Exercise material >>
════
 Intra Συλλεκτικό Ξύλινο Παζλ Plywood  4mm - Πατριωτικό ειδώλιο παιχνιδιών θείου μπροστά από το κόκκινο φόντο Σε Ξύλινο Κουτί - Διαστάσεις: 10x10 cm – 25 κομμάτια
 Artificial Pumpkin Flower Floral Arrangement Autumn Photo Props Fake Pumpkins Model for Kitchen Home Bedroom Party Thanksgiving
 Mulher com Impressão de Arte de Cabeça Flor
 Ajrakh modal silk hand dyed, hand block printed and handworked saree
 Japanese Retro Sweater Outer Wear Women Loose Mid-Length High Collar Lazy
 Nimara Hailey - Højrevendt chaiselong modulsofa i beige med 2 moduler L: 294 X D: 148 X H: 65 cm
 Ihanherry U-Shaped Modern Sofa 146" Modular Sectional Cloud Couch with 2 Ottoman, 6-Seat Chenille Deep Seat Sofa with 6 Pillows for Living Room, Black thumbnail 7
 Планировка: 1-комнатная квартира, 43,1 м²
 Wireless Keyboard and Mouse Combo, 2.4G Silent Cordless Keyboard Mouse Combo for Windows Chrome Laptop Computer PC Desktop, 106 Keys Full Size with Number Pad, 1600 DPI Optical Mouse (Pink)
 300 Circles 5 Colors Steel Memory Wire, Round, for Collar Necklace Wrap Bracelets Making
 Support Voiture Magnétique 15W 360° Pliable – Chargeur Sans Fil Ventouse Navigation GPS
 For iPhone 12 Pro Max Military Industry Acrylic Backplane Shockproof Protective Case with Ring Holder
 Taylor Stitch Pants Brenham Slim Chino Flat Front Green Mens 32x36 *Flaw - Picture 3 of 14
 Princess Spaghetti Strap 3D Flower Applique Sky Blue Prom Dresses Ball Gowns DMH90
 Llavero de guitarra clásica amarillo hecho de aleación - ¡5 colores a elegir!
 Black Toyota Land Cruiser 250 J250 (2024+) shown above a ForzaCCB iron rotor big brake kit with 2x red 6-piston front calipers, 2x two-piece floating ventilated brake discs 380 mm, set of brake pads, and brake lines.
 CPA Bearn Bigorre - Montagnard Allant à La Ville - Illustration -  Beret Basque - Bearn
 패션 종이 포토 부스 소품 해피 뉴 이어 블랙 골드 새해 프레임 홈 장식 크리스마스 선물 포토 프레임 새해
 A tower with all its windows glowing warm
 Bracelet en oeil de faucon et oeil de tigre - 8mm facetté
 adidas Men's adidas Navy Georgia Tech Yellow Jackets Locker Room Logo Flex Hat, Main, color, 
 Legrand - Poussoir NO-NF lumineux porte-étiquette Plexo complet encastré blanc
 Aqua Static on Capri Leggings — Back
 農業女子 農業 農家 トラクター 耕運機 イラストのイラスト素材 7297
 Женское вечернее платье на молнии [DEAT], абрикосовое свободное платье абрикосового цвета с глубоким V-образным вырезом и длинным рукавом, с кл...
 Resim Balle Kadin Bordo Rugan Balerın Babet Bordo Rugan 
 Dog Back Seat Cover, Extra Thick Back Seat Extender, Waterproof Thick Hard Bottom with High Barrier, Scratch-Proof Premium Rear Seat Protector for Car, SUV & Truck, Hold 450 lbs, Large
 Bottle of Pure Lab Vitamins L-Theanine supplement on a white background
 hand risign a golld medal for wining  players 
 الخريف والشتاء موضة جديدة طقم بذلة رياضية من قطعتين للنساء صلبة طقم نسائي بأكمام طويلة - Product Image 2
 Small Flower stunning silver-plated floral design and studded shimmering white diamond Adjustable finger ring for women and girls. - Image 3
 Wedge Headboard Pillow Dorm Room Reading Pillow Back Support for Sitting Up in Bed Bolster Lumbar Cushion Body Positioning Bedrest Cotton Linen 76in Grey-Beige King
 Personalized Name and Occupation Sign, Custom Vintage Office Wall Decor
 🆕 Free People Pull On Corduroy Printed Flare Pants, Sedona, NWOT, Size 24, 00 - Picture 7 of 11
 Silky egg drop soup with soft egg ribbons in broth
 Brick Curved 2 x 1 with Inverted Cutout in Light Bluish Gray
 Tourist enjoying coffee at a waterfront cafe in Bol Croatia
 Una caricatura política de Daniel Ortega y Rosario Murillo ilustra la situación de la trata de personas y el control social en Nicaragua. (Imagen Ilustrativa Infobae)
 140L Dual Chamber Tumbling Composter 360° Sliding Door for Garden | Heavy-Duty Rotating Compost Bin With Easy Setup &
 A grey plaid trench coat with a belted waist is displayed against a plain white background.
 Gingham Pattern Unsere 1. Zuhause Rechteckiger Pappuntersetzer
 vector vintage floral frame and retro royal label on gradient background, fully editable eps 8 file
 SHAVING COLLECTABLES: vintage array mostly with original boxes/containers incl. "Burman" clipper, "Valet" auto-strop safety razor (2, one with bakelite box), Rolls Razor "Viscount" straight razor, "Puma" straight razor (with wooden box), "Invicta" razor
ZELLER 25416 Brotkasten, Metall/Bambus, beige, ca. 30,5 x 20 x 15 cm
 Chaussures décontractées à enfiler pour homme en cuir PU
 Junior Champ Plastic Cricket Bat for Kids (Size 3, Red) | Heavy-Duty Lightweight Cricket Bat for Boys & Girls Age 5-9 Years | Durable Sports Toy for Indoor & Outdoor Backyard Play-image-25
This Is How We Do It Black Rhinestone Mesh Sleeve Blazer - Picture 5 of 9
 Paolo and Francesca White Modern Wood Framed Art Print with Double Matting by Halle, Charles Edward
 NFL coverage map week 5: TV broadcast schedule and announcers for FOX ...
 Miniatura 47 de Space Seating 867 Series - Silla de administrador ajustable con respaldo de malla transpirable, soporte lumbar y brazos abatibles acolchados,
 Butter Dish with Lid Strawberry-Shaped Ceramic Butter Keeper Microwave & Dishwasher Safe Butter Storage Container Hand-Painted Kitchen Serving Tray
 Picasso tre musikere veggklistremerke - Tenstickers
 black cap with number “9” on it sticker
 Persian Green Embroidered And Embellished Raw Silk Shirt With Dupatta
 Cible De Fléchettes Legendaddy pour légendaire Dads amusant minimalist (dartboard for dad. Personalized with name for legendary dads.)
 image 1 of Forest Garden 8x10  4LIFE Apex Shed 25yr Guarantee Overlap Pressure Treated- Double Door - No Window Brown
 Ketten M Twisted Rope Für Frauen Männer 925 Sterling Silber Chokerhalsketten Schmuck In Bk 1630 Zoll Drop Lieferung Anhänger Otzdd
════
Task goal >>
Working from the records above, write out verbatim only the lines from the line containing "Cible De Fléchettes" through the line containing "image 1 of Forest".

Completed exercise >>
 Cible De Fléchettes Legendaddy pour légendaire Dads amusant minimalist (dartboard for dad. Personalized with name for legendary dads.)
 image 1 of Forest Garden 8x10  4LIFE Apex Shed 25yr Guarantee Overlap Pressure Treated- Double Door - No Window Brown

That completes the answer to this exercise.